Despite continuous progresses in the field and the recent ability to better identify the molecular signature of different renal cell types following acute injury, the mechanisms that drive the transition to chronic disease remain debated [16,17]. The traditional beliefs are now challenged by clinical observations and new advances in experimental transgenic models. Researchers have made significant effort trying to elucidate the pathophysiological link from AKI to CKD on cellular and molecular levels by using experimental models. CKD can occur through several pathologic mechanisms involving one or more of the kidney compartments: Vasculature, the tubule-interstitium or the glomerulus. Microvascular loss occurs along with increased fibrosis, worsening relative hypoxia within the kidney and in particular within the outer medulla. This is associated with changes in pericytes to adopt a pro-fibrotic myofibroblast phenotype. Moreover, consequent to altered oxygen availability, tubular injury and necrosis cause tubular dysfunction, oliguria and reduced glomerular filtration via tubulo-glomerular feedback. Thus, after an ischemic injury, the loss of nephronic mass, with remnant nephron hyperfiltration, renin-angiotensin system (RAS) activation, systemic hypertension and subsequent glomerulosclerosis have been described to pave the way from AKI to CKD [18,19,20]. Regardless of the initial insult, evidence of tubular cell loss and replacement by collagen scars and infiltrating macrophages are associated with further renal functional loss and progression towards end stage renal failure. Experimental models have shown that selective epithelial injury could drive capillary rarefaction, interstitial fibrosis, glomerulosclerosis and progression to CKD, substantiating a direct role for damaged tubular epithelial cells (TECs) [21]. Therefore, tubular epithelial cells have attracted increasing attention [22,23].

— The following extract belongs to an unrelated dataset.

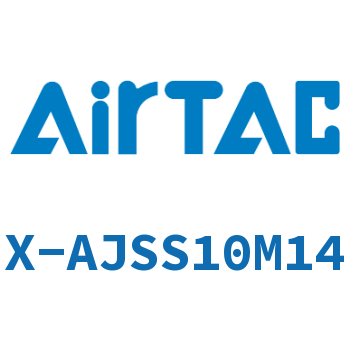Airtac 接头-万向节流型-X-AJSS10M14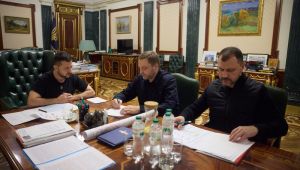 Фото для новини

A new interpretation of this pathophysiology is that the epithelial tubular cell may allow for a better understanding of this somehow unexpected turn in the AKI natural history. Altogether, there is a need for the further investigation of the AKI-to-CKD transition as a public health priority.
2. Pathophysiology of the AKI-to-CKD Transition
From a pathophysiological point of view, microvascular integrity, changes in leukocyte and pericyte behavior, and tubular cell survival and function are all features of both AKI and CKD, and several cellular and molecular pathways have been considered to define the transition process. The main pathological mechanisms which concur to explain the AKI-to-CKD transition include: (i) Endothelial dysfunction, vasoconstriction and vascular congestion [24,25]; (ii) interstitial inflammation and the associated infiltration of monocytes/macrophages, neutrophils, T- and B-cells [26,27,28,29,30]; (iii) fibrosis via myofibroblasts recruitment and matrix deposition [31,32,33]; and (iv) tubular epithelial injury and dysregulated repair [23,34,35] (Figure 1). After a brief description of the main molecular pathways of the endothelial, inflammatory and fibrotic response to injury, we focus on the proximal tubular epithelial cell, the main player of the AKI-to-CKD transition [35].

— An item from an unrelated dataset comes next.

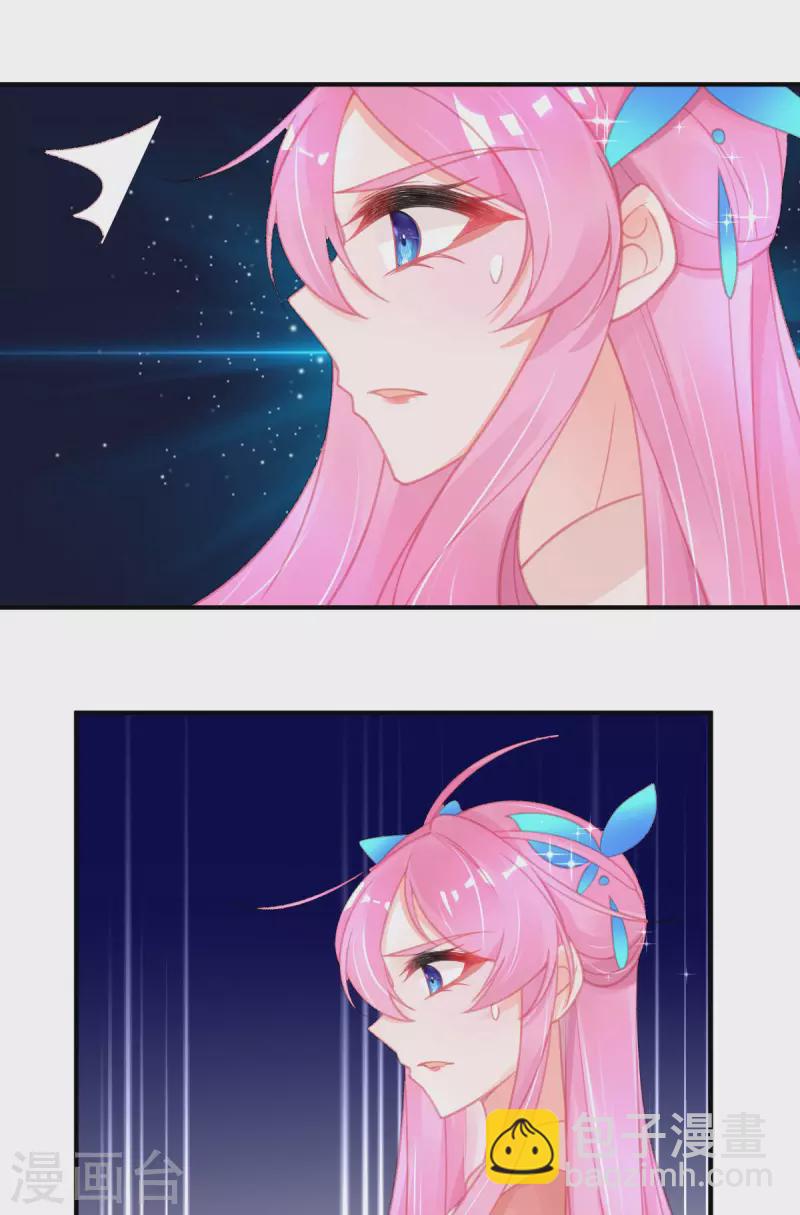 第151话 兽潮来袭-第163话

2.1. Endothelial Dysfunction
Capillary rarefaction has been extensively described as a consistent feature of the acutely injured nephron and has been linked to progression as a potential initiator of chronic nephropathy. A reduction in regional renal oxygen delivery leads to inflammation, ischemia, and necrosis, thus reflecting an imbalance between arterial pressure and vascular resistance, with a particularly vulnerable area in the outer stripe of the outer medulla. The existence of a putative bone marrow-derived endothelial progenitor cell (EPC) population has been hypothesized and linked to progression to chronic disease [36]. However, a recent study that combined bone marrow and kidney transplantation in a transgenic murine model demonstrated that no extra-renal cells substantially contribute to endothelial repair after selective injury [37].

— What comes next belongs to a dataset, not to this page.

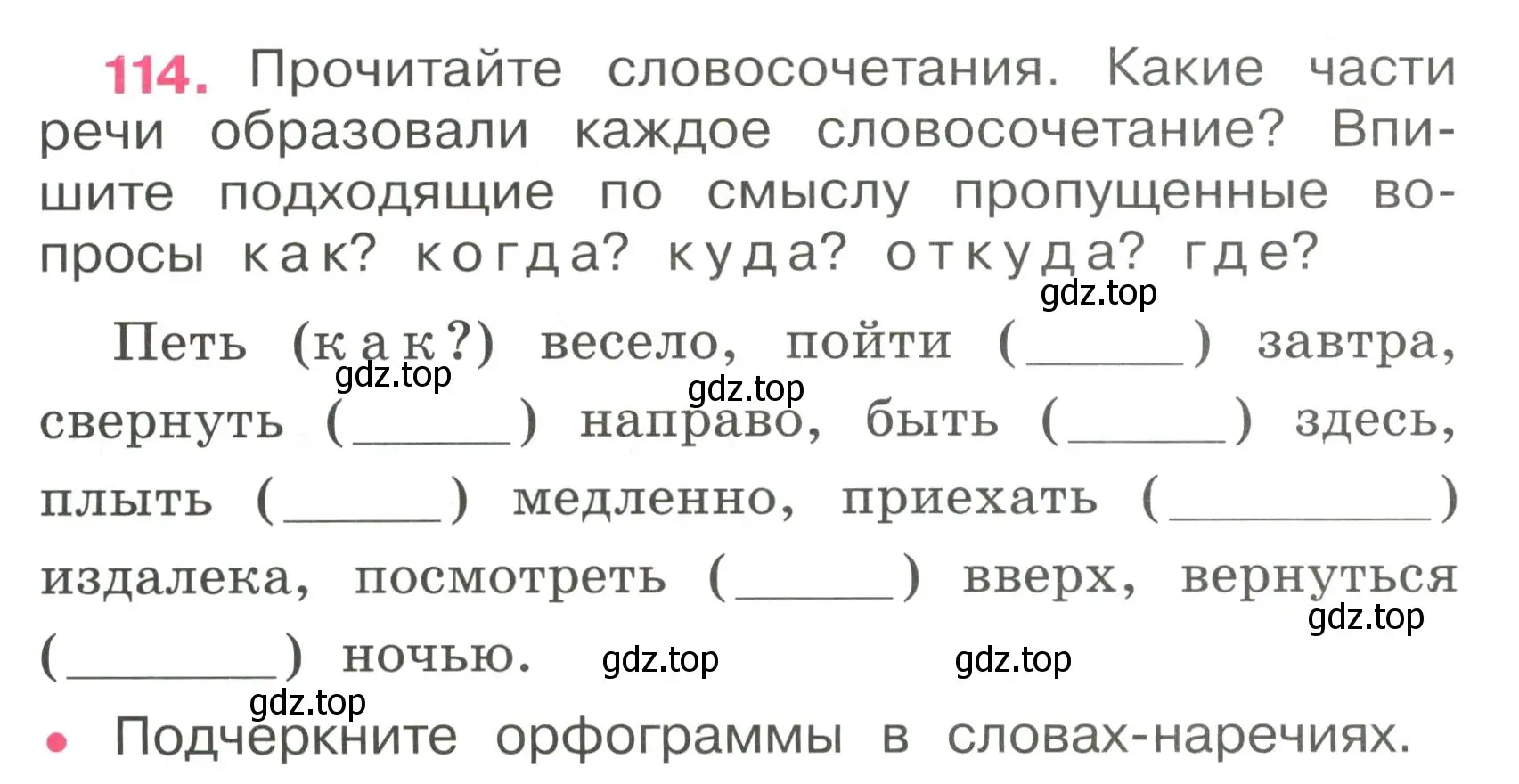 Условие номер 114 (страница 50) гдз по русскому языку 4 класс Канакина, рабочая тетрадь 1 часть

Once capillary rarefaction is established, tissue hypoxia, mitochondrial dysfunction, inflammation and subsequent fibrosis occur [24]. The cellular and molecular pathways that underlie capillary rarefaction—in particular, the interplay between hypoxia, anti-angiogenic, and angiogenic factors—have yet to be explained [38]. Among angiogenic factors, vascular endothelial growth factor (VEGF), an endogenous cytokine produced by epithelial cells and directed to endothelial cells, is crucial for the preservation of vascular networks. Its reduced production could promote microvascular dysfunction and morphologic changes in the nephron [39,40]. The effects of its exogenous administration, with restoration of the microvascular density, improved renal blood flow, and reduced fibrogenic activity have been described in swine kidneys [41]. Similar effects, with improved endothelial cell survival and prevention of capillary leakage, resulted from the activation of the endothelium-specific receptor Tie2 through angiopoietin-1 (Ang-1)—a protein produced by vasculature support cells and specialized pericytes [42]. Moreover, the transgenic murine inactivation of endothelial hypoxia-inducible factors (Hif1-α and Hif2-α), as well as the deletion of endothelial sphingosine 1-phosphate receptor 1 (S1-pr1), resulted in increased acute and chronic inflammation and fibrosis after injury without affecting capillary permeability [43,44]. Therefore, there is considerable interest in the potential for Hif-stabilizing agents as therapeutic tools in renal injury [45]. In two models of folic acid-induced AKI and ureteral obstruction, Sirtuin 1 (Sirt 1) inactivation in endothelial cells caused impaired recovery, increased fibrosis, and disease progression [46,47].
Endothelial-to-mesenchymal transition (EndoMT) has been proposed as a contributor to capillary rarefaction, interstitial fibrosis, and, therefore, chronic damage [48]. Indeed, the reduction of EndoMT, obtained by reducing endothelium-specific transforming growth factor β (TGF-β) in a transgenic mouse model, was followed by the preservation of renal blood flow and microvasculature, less tissue hypoxia and tubulointerstitial fibrosis, thereby supporting the hypothesis of a link between EndoMT and chronic changes [49]. Moreover, the renal pericyte is now recognized as a key contributor to vascular stability in response to kidney injury [50].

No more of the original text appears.